End of easy-cash era is going to hurt
LONDON, Feb 1 (Reuters) - (This Feb. 1 story has been corrected to fix the name of CIO in the "Going Private" section to Nicoll from Nicole)
The end of the easy-cash era is over and its impact yet to be felt on world markets, hopeful that the pain of aggressive rate hikes and high inflation has passed.
U.S. and UK central banks are unwinding stimulus further by offloading bonds they hold, and the European Central Bank will join them soon. Nomura estimates the balance sheets of the three banks will shrink by $3 trillion this year.
Tech stocks and crypto currencies look vulnerable. They are among risky assets that soared as cash pumped out by central banks fighting weak inflation in recent years searched for a home.
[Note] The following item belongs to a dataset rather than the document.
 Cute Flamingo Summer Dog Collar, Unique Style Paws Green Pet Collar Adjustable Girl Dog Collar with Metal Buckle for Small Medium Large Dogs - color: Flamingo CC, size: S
"When you have unprecedented monetary tightening, the likelihood is that you get issues that are uncovered – that might be something hidden such as liquidity or something more obvious like pressures in the housing market," said Zurich Insurance Group chief market strategist Guy Miller.
We look at some potential pressure points.
1/ DARLINGS NO MORE
Once darlings of the easy-cash era, tech stocks are being shunned by many investors even after a January bounce as higher rates make it more expensive to take punts on the potential earnings growth of early stage or speculative businesses.
When economic uncertainty is high, investors often look for reliable returns from dividends to safeguard portfolios. That makes the likes of tech stalwarts such as Apple (AAPL.O), whose shares trade on a dividend yield of less than 1%, look vulnerable.
"We're at a stage where very elevated valuations in markets have collided with much less supportive policy," said James Harries, senior fund manager at Troy Asset Management. "So, the outlook is darkening."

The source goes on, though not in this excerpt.